In the China CVD investigation, the Government of China, mandatory respondents Angang Group Hong Kong Co., Ltd. and Benxi Iron and Steel (Group) Special Steel Co., Ltd., and Qian’an Golden Point Trading Co., Ltd., a non-cooperative exporter, all failed to respond to Commerce’s requests for information. Thus, all imports of cold-rolled steel from China will be subject to a CVD rate of 256.44 percent.
In the Japan AD investigation, mandatory respondents JFE Steel Corporation and Nippon Steel & Sumitomo Metal Corporation did not respond to Commerce’s requests for information. Accordingly, both mandatory respondents received a final dumping margin of 71.35 percent based on adverse facts available. All other producers/exporters in Japan received a final dumping margin of 71.35 percent.

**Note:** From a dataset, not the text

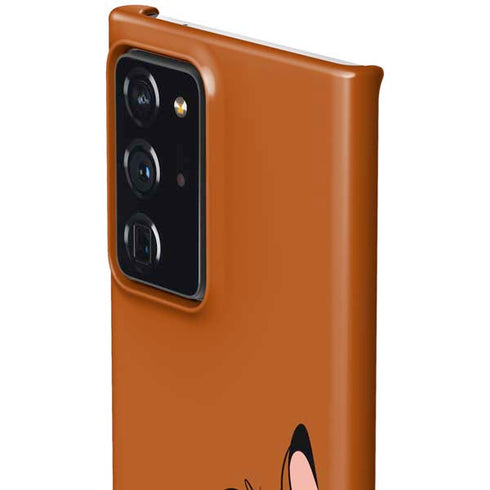 Disney Bambi Portrait Galaxy Note20 Ultra 5G Lite Case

The investigations cover certain cold-rolled, flat-rolled, steel products, neither clad, plated, nor coated with metal, but whether or not annealed, painted, varnished, or coated with plastics or other non-metallic substances.

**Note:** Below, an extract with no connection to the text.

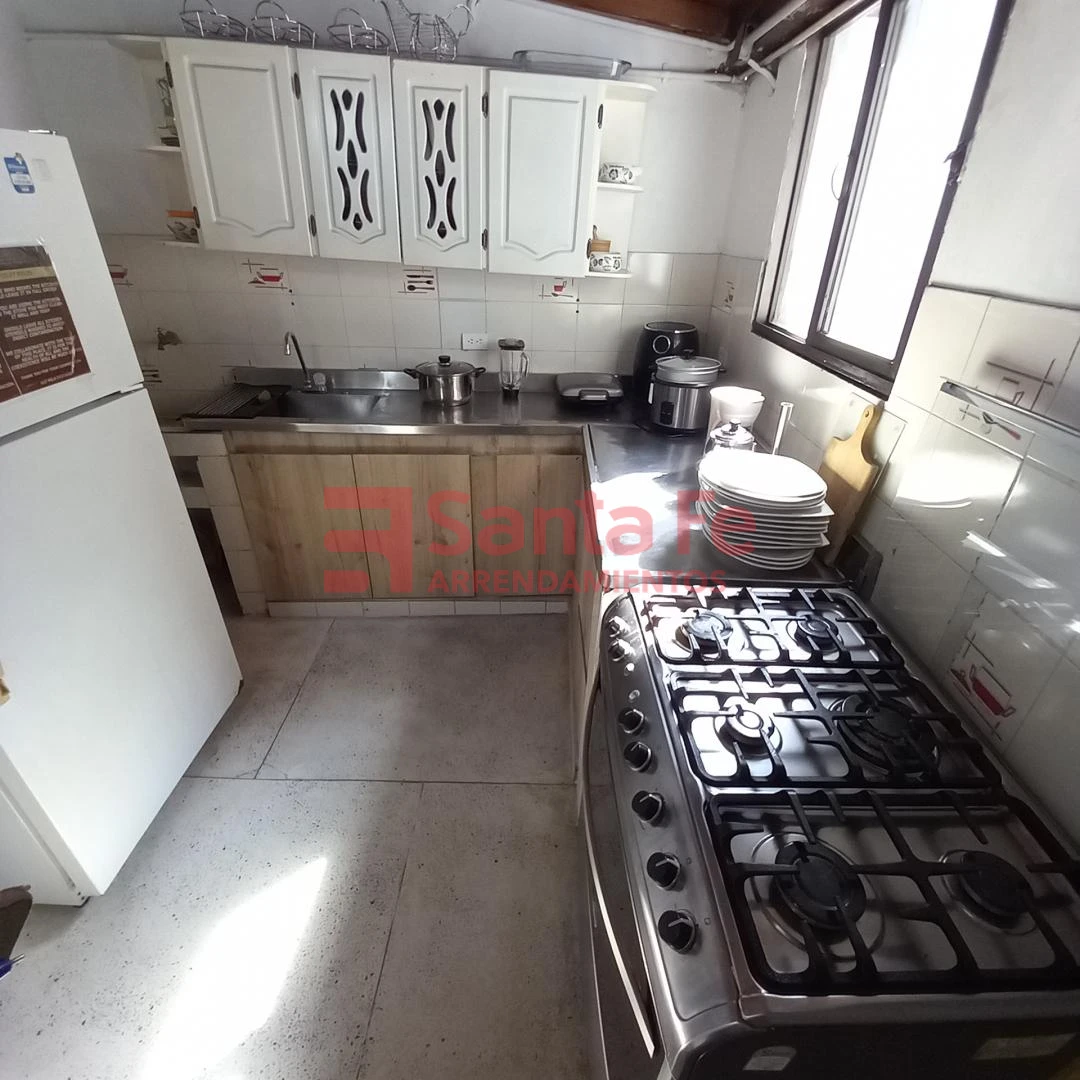 Apartamento en Boston, Medellín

The petitioners for these investigations are AK Steel Corporation (OH), ArcelorMittal USA LLC (IL), Nucor Corporation (NC), Steel Dynamics, Inc. (IN), and United States Steel Corporation (PA).

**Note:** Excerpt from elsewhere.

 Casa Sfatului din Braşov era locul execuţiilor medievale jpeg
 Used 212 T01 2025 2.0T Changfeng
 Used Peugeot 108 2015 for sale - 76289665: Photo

As a result of the affirmative final AD determinations, Commerce will instruct U.S. Customs and Border Protection (CBP) to collect cash deposits equal to the applicable weighted-average dumping margins. Further, as a result of the affirmative final CVD determination, if the U.S. International Trade Commission (ITC) issues an affirmative injury determination, Commerce will order the resumption of the suspension of liquidation and will require cash deposits for CVD duties equal to the final subsidy rates established during the investigation. Commerce will also adjust the AD cash deposit rates by the amount of the CVD export subsidies, where appropriate. If the ITC issues negative injury determinations, the investigations will be terminated and no producers or exporters will be subject to future cash deposits for either AD or CVD duties. In such an event, all previously collected cash deposits will be refunded.